That's not what I said. I said that perception is not identical to reality, which is what you said.
A consistent "set of facts" is one way of articulating what a possible world is so I don't even know what you think you're arguing against at this point.
Quoting Dfpolis
The standard definitions are not circular at all. Now you're just making things up.
Quoting Dfpolis
Naturally "reliable" is doing all the work here, being used to obfuscate the fact that there's no guarantee that perception maps to reality such that we can have an infallible means by which to say some experience is reliable. It's like you've never considered any objection to your views ever.
Quoting Dfpolis
What? Necessity is indeed defined as truth in all possible worlds [of the set of worlds being quantified over], and yes X being necessary entails that it's negation is not possible. Where is the circularity? Necessity and possibility are simply dual concepts, and thus like may logical and mathematical things they are defined in terms of each other. What are you on about?
Quoting Dfpolis
This is exactly what I was talking about, you don't understand this topic. These name something in the actual world. The meaning of the term is fixed across worlds within modal logic because it's a name, not a description. A definite description like "The brightest star in the sky" will fail to pick out the same object across worlds for obvious reasons.

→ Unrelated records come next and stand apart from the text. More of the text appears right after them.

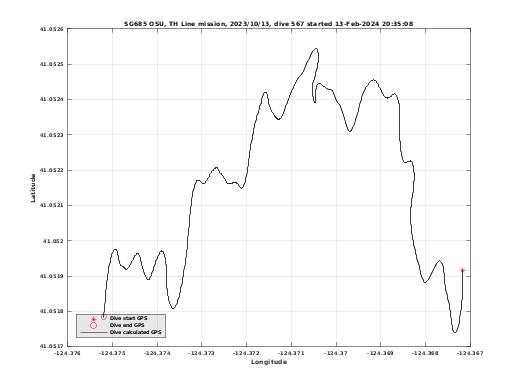 Dive Calculated GPS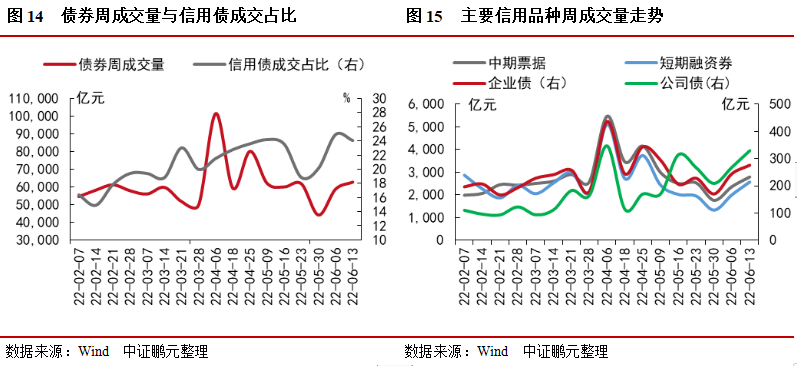 22日信用债市场收益率涨跌互现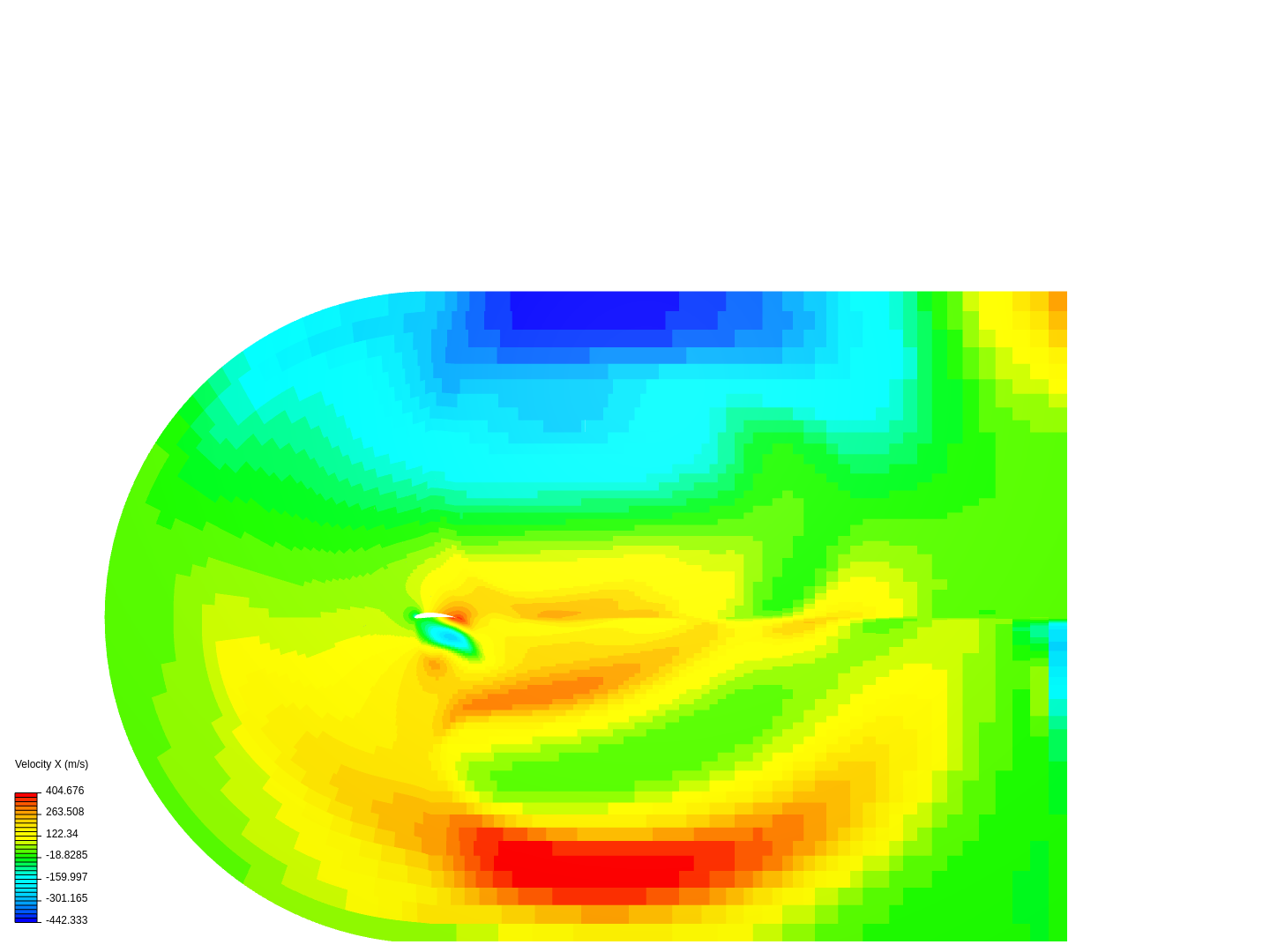 Incompressible airfoil simulation image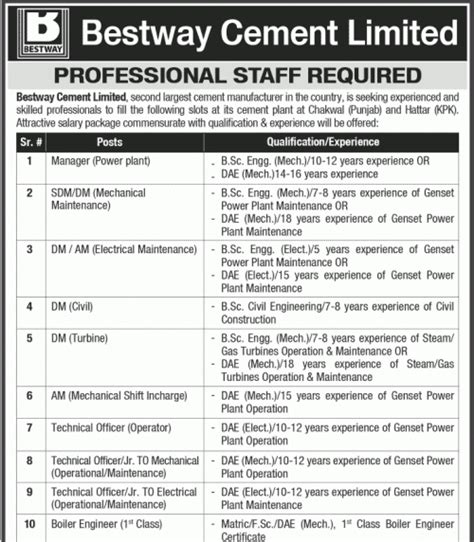 Bestway Cement Jobs 2024 Latest Careers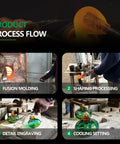 Image showing the process flow of hand blown glass hummingbird feeders, with steps from shaping to cooling, featuring Set Of 3 Small Blown Glass Hummingbird Feeders For Outdoors Hanging With 2 Flower Feeding Ports 3 Inch Glass Hummingbird Feeders Garden Decor For Outside.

But that's not how proper names work, they pick out a specific object in the actual world, and the meaning of that name is fixed in modal logic (unless you just reject modality outright in which case this thread is pointless).
Quoting Dfpolis
I'm done, you are literally ignoring key parts of the theory (or you don't know them) and thus are somehow skipping over the obvious. Obviously "Hesperus=Phosporus" isn't true in the possible worlds where the references to the terms do not exist. That in itself constrains the worlds being quantified over to the set of worlds where the object exists. That fixed denotation is exactly what makes these rigid terms, and thus examples of metaphysically necessary, a posteriori truths.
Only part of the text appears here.